Of all the lines below, output only those starting at the one with "Hoofdafbeelding Peugeot e-208" and ending at the one with "JQZ_558Pacific_Building_Facade_R1", both ends included, exactly as written.

▼

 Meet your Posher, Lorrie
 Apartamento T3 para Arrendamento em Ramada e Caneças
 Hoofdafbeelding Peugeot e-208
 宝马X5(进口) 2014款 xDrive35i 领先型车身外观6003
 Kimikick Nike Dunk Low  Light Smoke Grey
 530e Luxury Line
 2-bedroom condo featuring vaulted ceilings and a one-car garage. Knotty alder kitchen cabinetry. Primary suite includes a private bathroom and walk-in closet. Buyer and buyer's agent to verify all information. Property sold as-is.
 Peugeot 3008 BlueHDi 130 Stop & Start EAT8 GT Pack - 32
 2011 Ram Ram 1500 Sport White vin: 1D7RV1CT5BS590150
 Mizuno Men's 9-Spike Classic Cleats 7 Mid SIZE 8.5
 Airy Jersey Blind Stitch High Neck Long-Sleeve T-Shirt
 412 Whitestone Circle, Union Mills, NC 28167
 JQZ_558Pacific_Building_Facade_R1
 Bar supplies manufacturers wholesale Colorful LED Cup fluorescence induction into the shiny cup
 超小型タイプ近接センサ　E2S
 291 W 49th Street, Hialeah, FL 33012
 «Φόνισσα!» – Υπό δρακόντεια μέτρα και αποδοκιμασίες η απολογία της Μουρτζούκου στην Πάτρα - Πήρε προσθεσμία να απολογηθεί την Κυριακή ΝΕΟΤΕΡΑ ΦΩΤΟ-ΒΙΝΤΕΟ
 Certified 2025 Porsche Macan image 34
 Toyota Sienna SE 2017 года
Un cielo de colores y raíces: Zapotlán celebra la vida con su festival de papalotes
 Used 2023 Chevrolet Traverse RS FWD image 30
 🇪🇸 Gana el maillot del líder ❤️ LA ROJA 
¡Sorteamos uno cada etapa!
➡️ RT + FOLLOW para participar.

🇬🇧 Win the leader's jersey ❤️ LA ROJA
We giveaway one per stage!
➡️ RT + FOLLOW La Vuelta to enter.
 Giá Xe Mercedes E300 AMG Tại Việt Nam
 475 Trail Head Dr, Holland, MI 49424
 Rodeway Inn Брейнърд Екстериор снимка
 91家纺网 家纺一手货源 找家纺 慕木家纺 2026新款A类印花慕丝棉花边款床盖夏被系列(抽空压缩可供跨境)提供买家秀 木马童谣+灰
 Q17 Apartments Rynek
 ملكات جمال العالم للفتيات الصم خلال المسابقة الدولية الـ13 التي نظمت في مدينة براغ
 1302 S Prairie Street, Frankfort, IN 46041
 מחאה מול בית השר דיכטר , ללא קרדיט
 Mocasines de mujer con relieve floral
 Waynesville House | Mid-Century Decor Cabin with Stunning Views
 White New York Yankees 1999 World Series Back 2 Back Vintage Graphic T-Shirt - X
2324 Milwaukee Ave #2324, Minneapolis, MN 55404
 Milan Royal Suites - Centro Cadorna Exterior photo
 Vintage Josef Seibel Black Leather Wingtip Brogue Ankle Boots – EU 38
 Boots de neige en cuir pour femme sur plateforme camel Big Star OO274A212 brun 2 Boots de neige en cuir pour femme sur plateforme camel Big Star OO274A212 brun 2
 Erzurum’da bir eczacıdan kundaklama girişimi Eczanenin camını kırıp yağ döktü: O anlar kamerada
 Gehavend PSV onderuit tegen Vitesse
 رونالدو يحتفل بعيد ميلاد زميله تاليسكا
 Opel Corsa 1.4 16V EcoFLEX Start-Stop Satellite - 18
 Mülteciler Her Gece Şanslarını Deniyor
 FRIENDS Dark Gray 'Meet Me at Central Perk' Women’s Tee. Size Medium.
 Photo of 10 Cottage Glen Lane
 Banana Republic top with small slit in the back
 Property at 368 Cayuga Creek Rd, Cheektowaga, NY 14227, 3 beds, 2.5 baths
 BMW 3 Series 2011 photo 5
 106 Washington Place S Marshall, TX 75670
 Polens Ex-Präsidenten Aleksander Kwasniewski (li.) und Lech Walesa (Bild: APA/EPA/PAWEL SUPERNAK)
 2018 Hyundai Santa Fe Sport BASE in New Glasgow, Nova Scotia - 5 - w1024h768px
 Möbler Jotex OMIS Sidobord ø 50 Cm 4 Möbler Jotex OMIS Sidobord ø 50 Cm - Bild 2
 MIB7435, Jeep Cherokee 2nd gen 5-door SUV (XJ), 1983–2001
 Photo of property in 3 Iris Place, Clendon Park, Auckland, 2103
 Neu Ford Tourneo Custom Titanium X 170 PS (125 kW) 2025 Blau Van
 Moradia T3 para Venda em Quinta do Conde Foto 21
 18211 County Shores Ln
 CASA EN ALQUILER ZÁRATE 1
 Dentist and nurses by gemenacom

▲

■ SOLUTION TO THIS TASK ■
 Hoofdafbeelding Peugeot e-208
 宝马X5(进口) 2014款 xDrive35i 领先型车身外观6003
 Kimikick Nike Dunk Low  Light Smoke Grey
 530e Luxury Line
 2-bedroom condo featuring vaulted ceilings and a one-car garage. Knotty alder kitchen cabinetry. Primary suite includes a private bathroom and walk-in closet. Buyer and buyer's agent to verify all information. Property sold as-is.
 Peugeot 3008 BlueHDi 130 Stop & Start EAT8 GT Pack - 32
 2011 Ram Ram 1500 Sport White vin: 1D7RV1CT5BS590150
 Mizuno Men's 9-Spike Classic Cleats 7 Mid SIZE 8.5
 Airy Jersey Blind Stitch High Neck Long-Sleeve T-Shirt
 412 Whitestone Circle, Union Mills, NC 28167
 JQZ_558Pacific_Building_Facade_R1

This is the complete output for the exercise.